Como é de seu conhecimento, o BID está entre os financiadores dos projetos do PRODETUR em andamento na região de Visconde de Mauá, nos municípios de Resende e Itatiaia / RJ, no interior da APA Federal da Serra da Mantiqueira, entre eles a Estrada-Parque Capelinha-Maromba. Naturalmente, tratando-se de região de natureza exuberante, frágil e protegida legalmente, existe uma importante divergência entre segmentos da população local com relação aos impactos previsíveis e às medidas necessárias para mitigá-los.

Um desses segmentos é formado principalmente por empresários do ramo turístico que se concentraram na região em grande número, desequilibrando a relação entre a oferta e a demanda turística. Hoje apostam no asfaltamento do acesso como solução para re-viabilizarem o seu negócio - pelo menos por algum tempo, antes que a degradação pelo afluxo maior de visitantes e de novos mora-dores venha a comprometer os atrativos que essa região sempre ofereceu. Neste segmento também se incluem políticos, gestores públicos e parcela expressiva de moradores locais, ainda desavisados de quanto a região mudará com o aumento populacional, a exemplo do ocorrido em outros destinos turísticos com apelo natural, como Angra dos Reis, Parati, Itaipava e Búzios.

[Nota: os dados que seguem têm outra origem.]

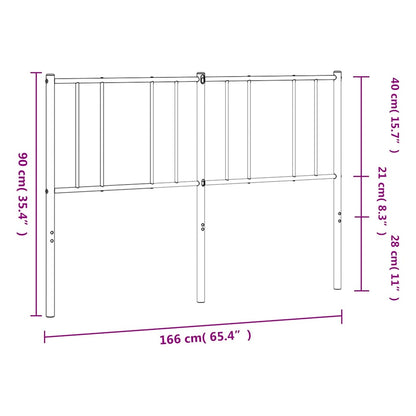 Elegant White Metal Headboard - 160 cm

O outro segmento é formado pelas pessoas com significativa experiência em projetos socioambientais complexos, como os educadores, artistas, produtores culturais, pesquisadores, gestores ambientais, jornalistas etc., responsáveis, desde a década de 1970, pelo apelo ecológico que a região ostenta e por muitas medidas de proteção instituídas pelos órgãos governamentais brasileiros. Esses atores sociais estão muito preocupados com aspectos dos projetos da Estrada-parque e da requalificação das vilas, e com a maneira pouco participativa e pouco transparente como o processo vem sendo conduzido.

Por isso, ficamos surpresos ao saber da reunião de técnicos do BID liderados pelo Sr. Leonardo Corral, ocorrida na região em 30 de janeiro passado, apenas com empresários e políticos locais - sem que fosse convidado o Conselho Gestor da Microbacia do Alto Rio Preto, criado pelo decreto municipal 2707-08, de Resende, e que reúne, de modo paritário, representantes do setor público e da sociedade civil. Basta ler o Art. V (parágrafo 14) do Decreto estadual RJ 40979-06 (sobre estradas-parque) e a condição de validade específica no. 17 da Licença de Instalação das obras para verificar que o Conselho Gestor não pode ser negligenciado nesse contexto.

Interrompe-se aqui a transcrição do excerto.